After a few hours, members of the group, obviously getting bored, decided to wander the property looking for other ways to get their hands on some cops to arrest. When they moved to a restricted area of the police station where the vehicles were stored, they finally got their encounter with the police.

One member of her staff sat on the ground screaming after being grabbed by a police officer. Another one of Didulo’s followers then tackled the officers in a failed attempt to protect his friend. He was also arrested, much to the confusion of the group.

“Stand down, police! You’re under arrest,” yelled one man at the cops arresting his friend in front of him.

One last funny bit:

Didulo [their queen, the “Commander-in-Chief and Queen of the Kingdom of Canada”] has also advised her followers to stop paying their utility bills—because she decreed they were now free—and many of her followers are getting their power and water shut off.

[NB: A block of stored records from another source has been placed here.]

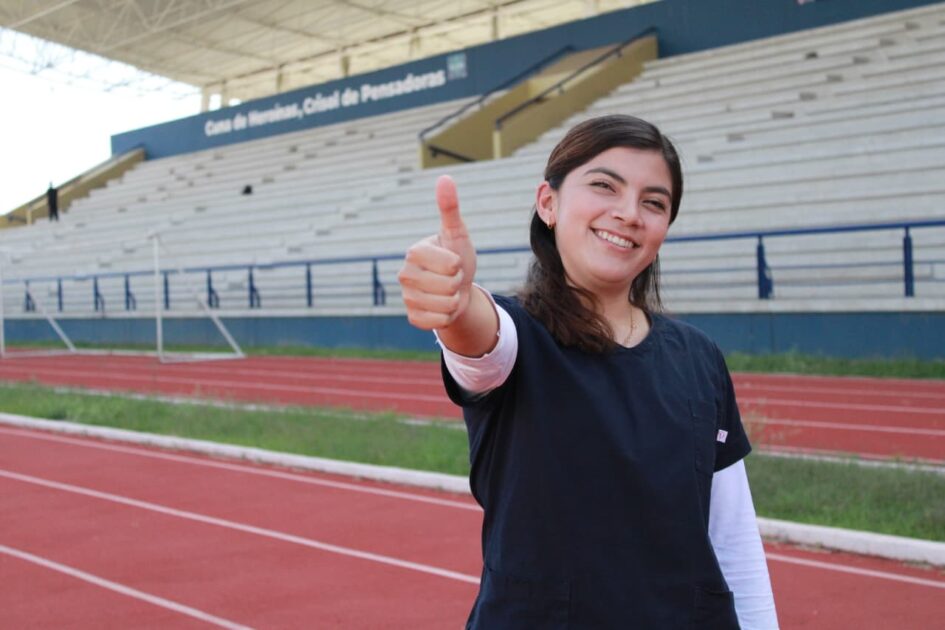 UMSNH semillero para el balompié femenil; las nicolaitas María de la Luz Quezadas y Cristina Estrella destacan en el fútbol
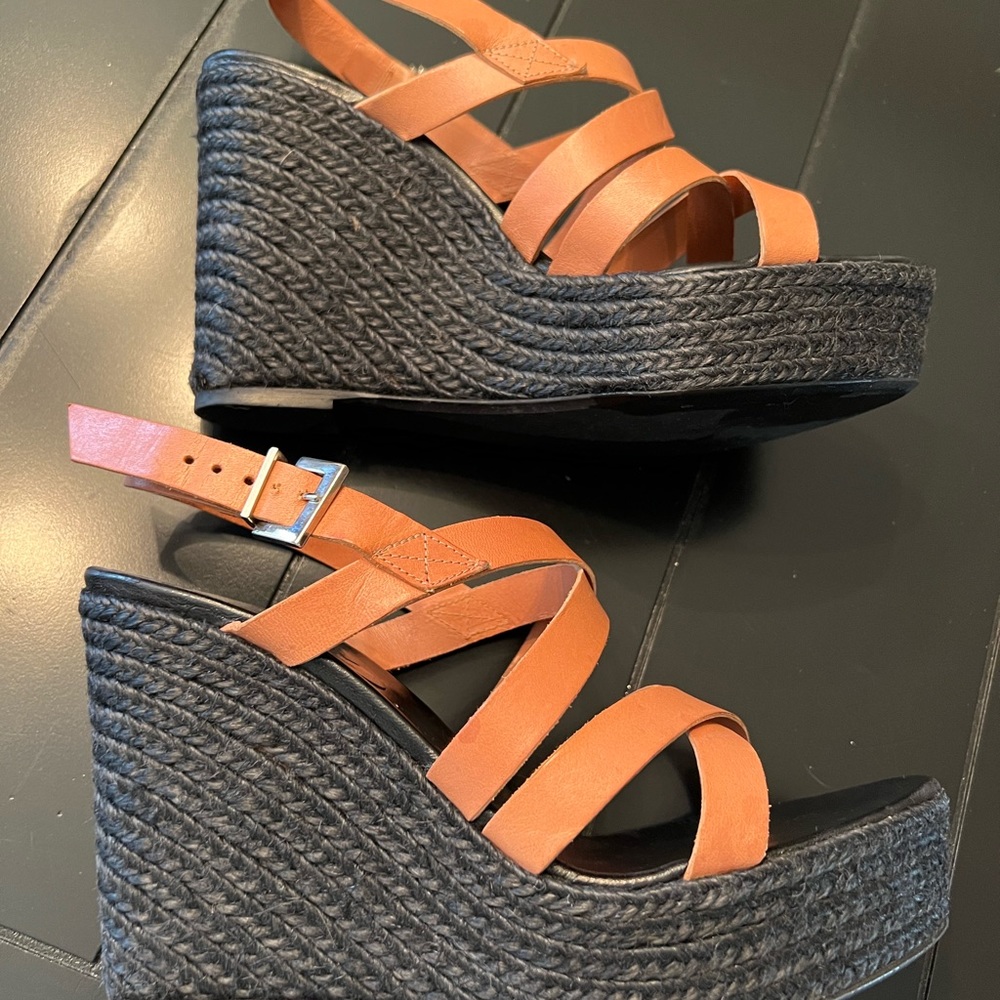 Marisa Rey Platform Sandals. - Picture 4 of 10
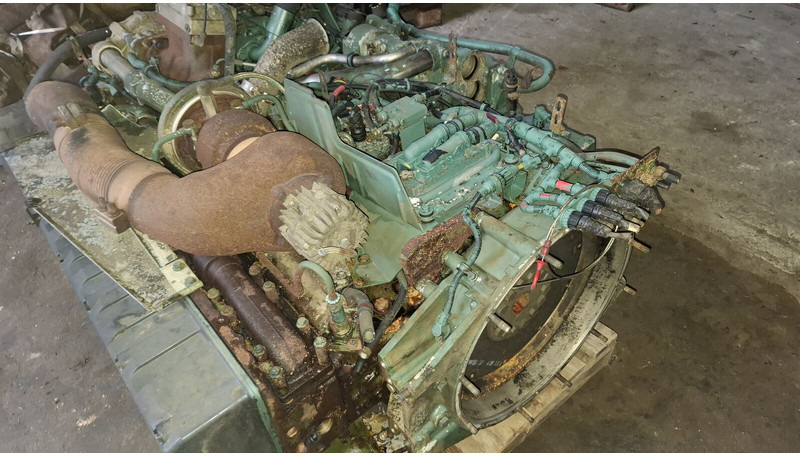 Volvo D12E340EC06 - Двигатель: фото 1 Volvo D12E340EC06 - Двигатель: фото 1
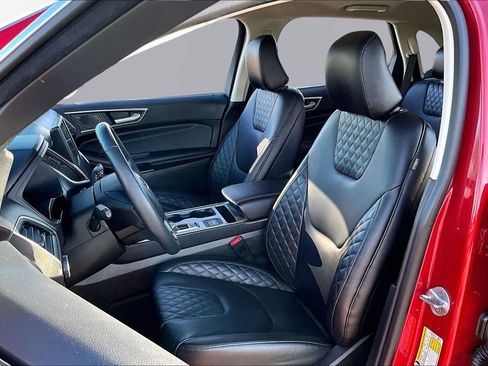 Used 2024 Ford Edge Titanium image 15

Crazy knows no borders. It might as well have happened here.

I am sure the Utah Dems agree with him.

‘Lindell TV’? Lmao.

I mean there is no way that a Republican won every Senate seat and all four House contests. Clearly fraud!

I like the picture of Aslan overshadowing Jesus.

Jesus famously zoomorphic as a powerful Lion, not like a Lamb or anything.

I mean, he’s both: Revelation 5:5

And one of the elders said to me, “Weep no more; behold, the Lion of the tribe of Judah, the Root of David, has conquered, so that he can open the scroll and its seven seals.”

To quote from the pretty straightforward ESV translation study guide:

Rev. 5:5 The Lion of the tribe of Judah echoes Jacob’s blessing on Judah, conferring leadership over his brothers (Gen. 49:8–12). In the OT, the Messiah was the branch to spring from Jesse’s root to restore David’s dynasty (Isa. 11:1, 10). But now he is also called the Root of David , because Jesus is not only the royal descendant (Rev. 22:16) but also the source of David’s rule (Mark 12:35–37; cf. “root of Jesse,” Rom. 15:12). The Lion is worthy to open the scroll because he has conquered . The OT promise of a conquering Lion is fulfilled in the NT reality of one who is also the slain Lamb (Rev. 5:9).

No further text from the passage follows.